What is required:
Because only the text is wanted, repeat the records below exactly and omit the pictures.

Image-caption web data
....

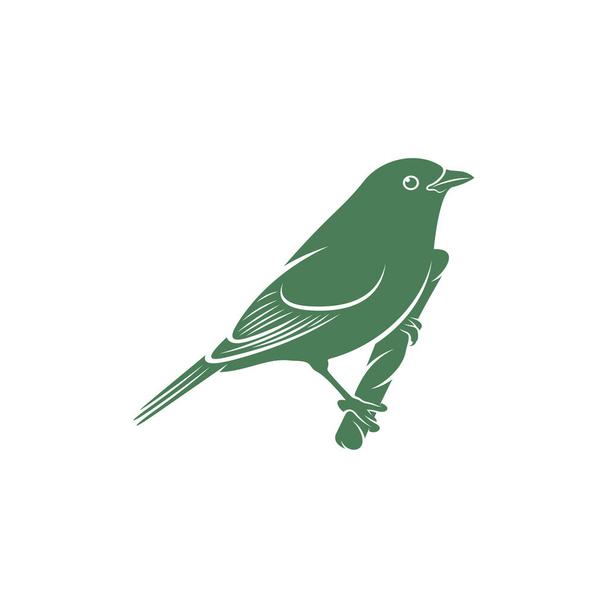 Saira Amarela kuş vektör çizimi. Saira Amarela kuş logosu tasarım şablonu. Yaratıcı sembol - Vektör, Görsel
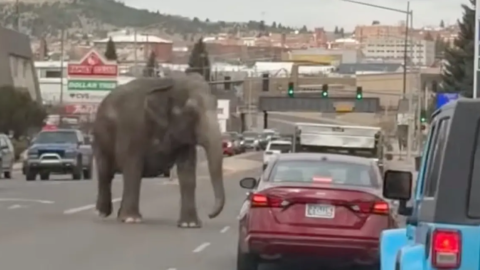 Videón, ahogy a cirkuszból megszökött elefánt barangol az autósok között Montanában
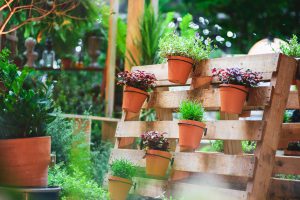 pallet met bloempotten en planten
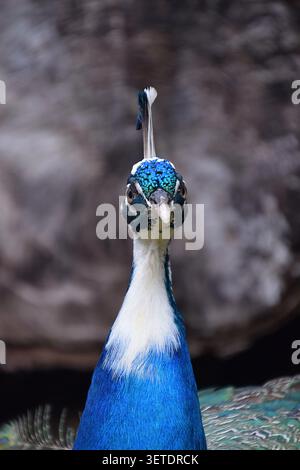 Kopfporträt eines männlichen indischen Pfauens (Pfau) im Monte Palace Tropical Garden, Funchal, Madeira, Portugal Stockfoto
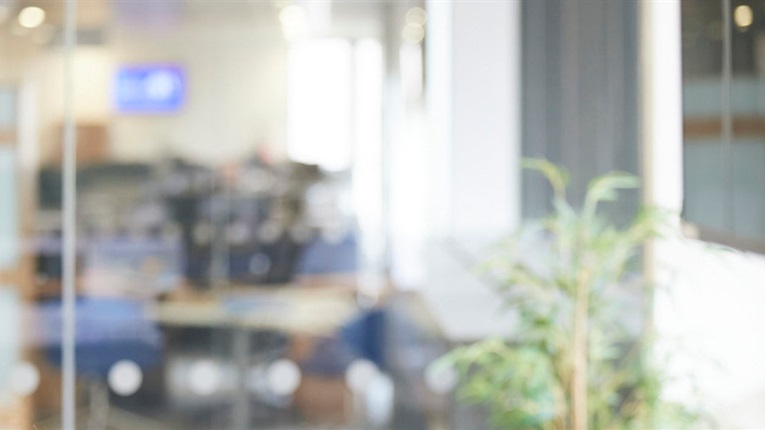 Blurred photo of the PPF office, plant in foreground with desks behind glass door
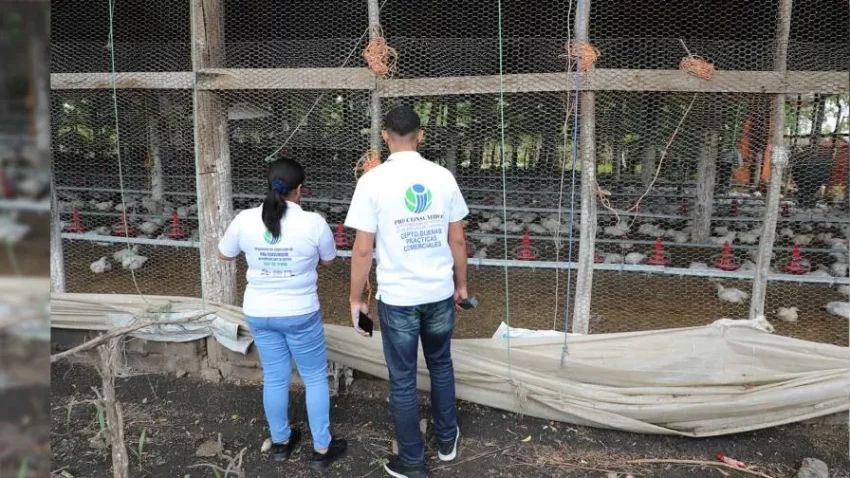 El Gobierno exigirá que el pollo del almuerzo escolar sea 100 % dominicano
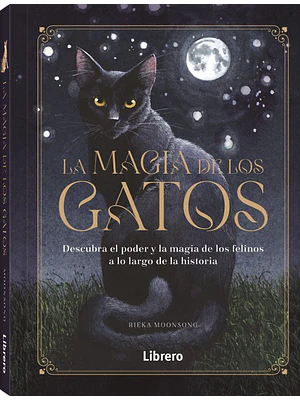 Magia De Los Gatos, La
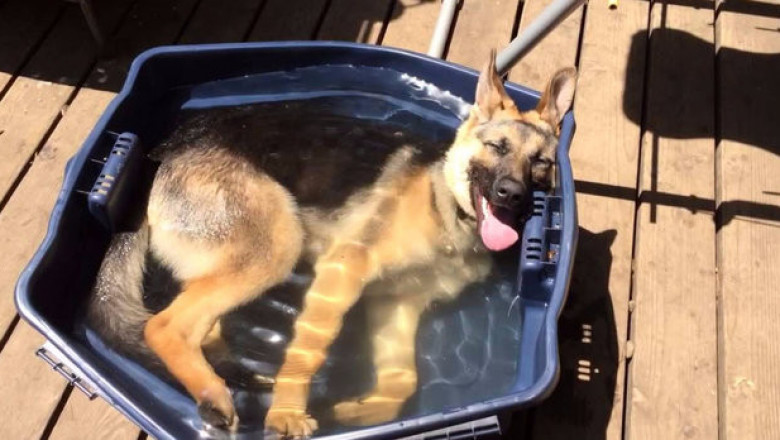 Овчарки спасаются от жары 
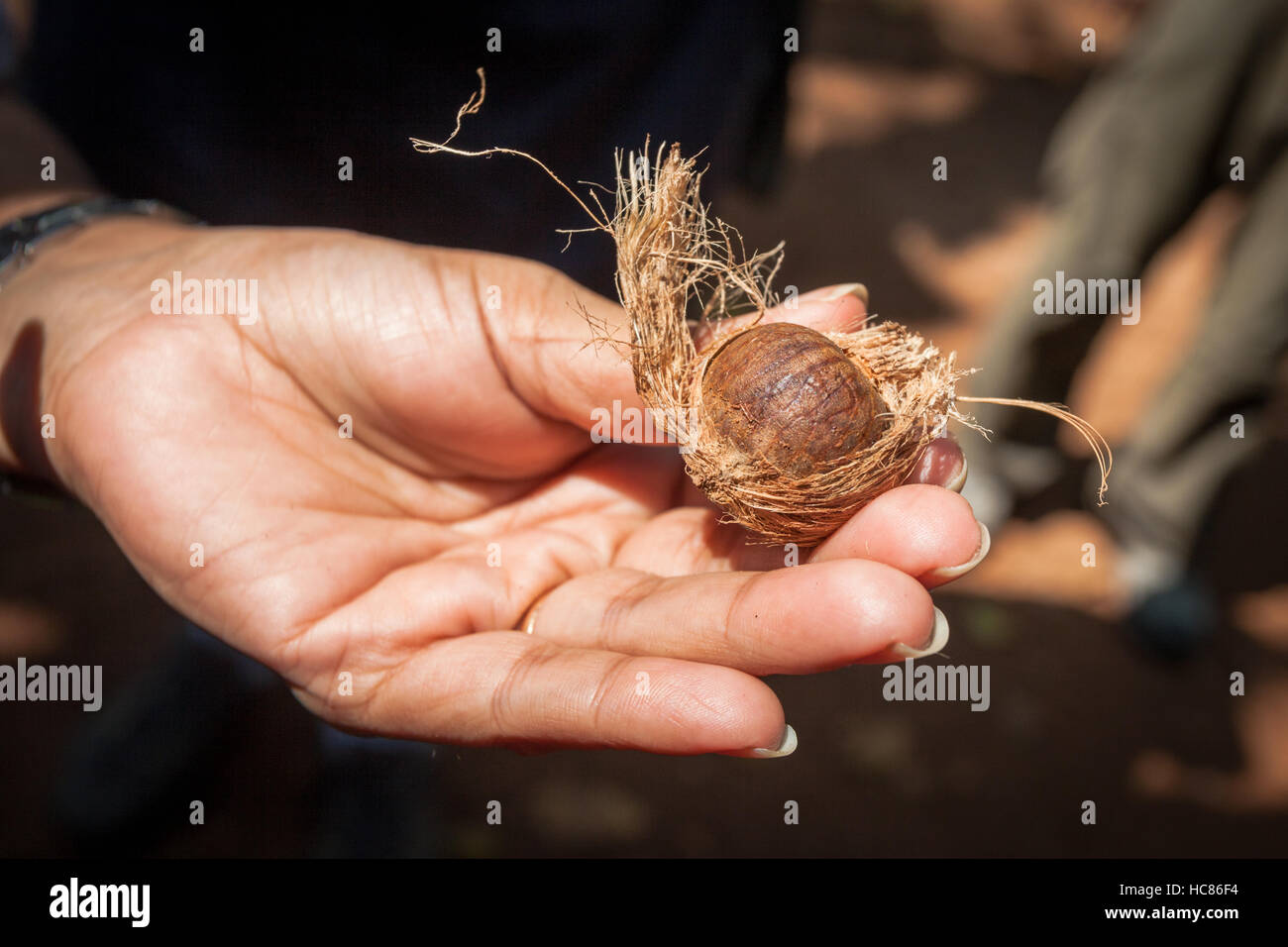 Nutmeg fruit in its husk, held in a person's hand, in a spice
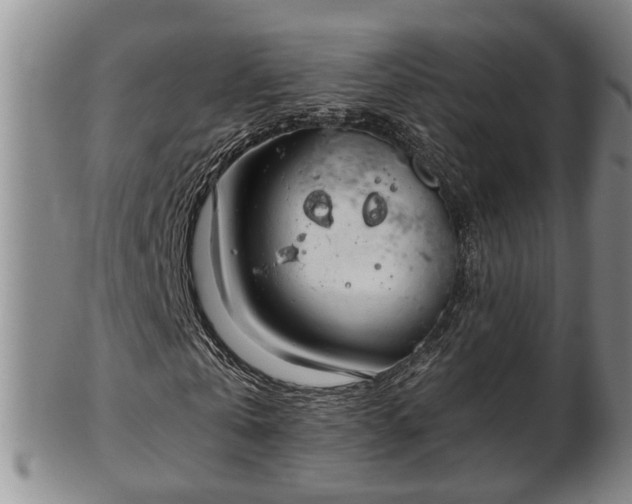 X0000103220769200809041002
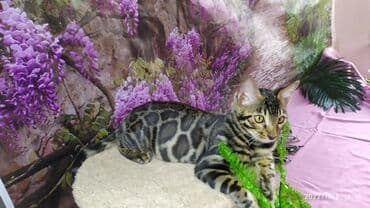 новорожденные котята: Бенгальские Детки .проф питомник Бен Гла Мур. предлагает Девочек и — 2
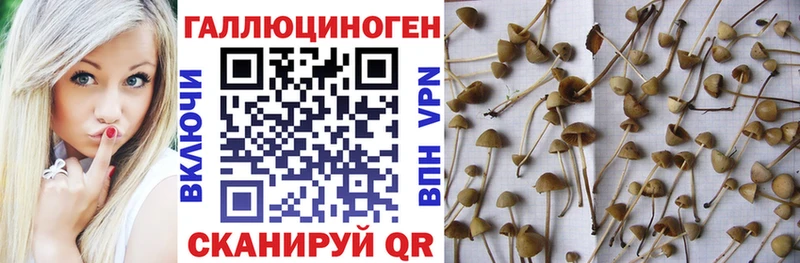 Псилоцибиновые грибы Psilocybine cubensis  Буйнакск 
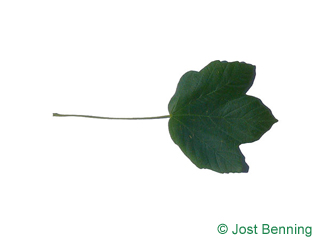 The lobed leaf of Italian Maple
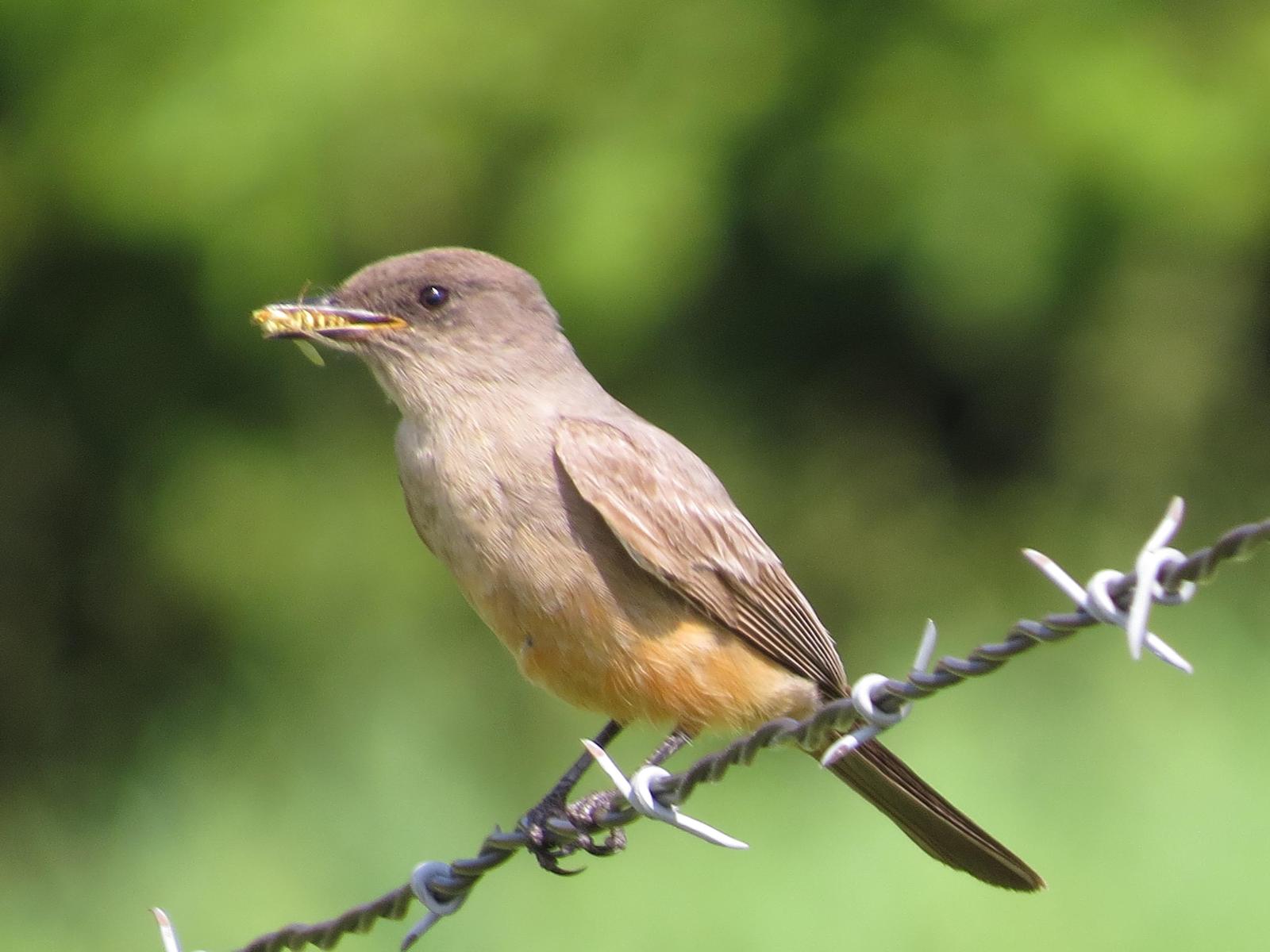 Say's Phoebe Photo by Enid Bachman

....

Exercise response:
 Saira Amarela kuş vektör çizimi. Saira Amarela kuş logosu tasarım şablonu. Yaratıcı sembol - Vektör, Görsel
 Videón, ahogy a cirkuszból megszökött elefánt barangol az autósok között Montanában
 pallet met bloempotten en planten
 Kopfporträt eines männlichen indischen Pfauens (Pfau) im Monte Palace Tropical Garden, Funchal, Madeira, Portugal Stockfoto
 Blurred photo of the PPF office, plant in foreground with desks behind glass door
 El Gobierno exigirá que el pollo del almuerzo escolar sea 100 % dominicano
 Magia De Los Gatos, La
 Овчарки спасаются от жары 
 Nutmeg fruit in its husk, held in a person's hand, in a spice
 X0000103220769200809041002
 новорожденные котята: Бенгальские Детки .проф питомник Бен Гла Мур. предлагает Девочек и — 2
 Псилоцибиновые грибы Psilocybine cubensis  Буйнакск 
 The lobed leaf of Italian Maple
 Say's Phoebe Photo by Enid Bachman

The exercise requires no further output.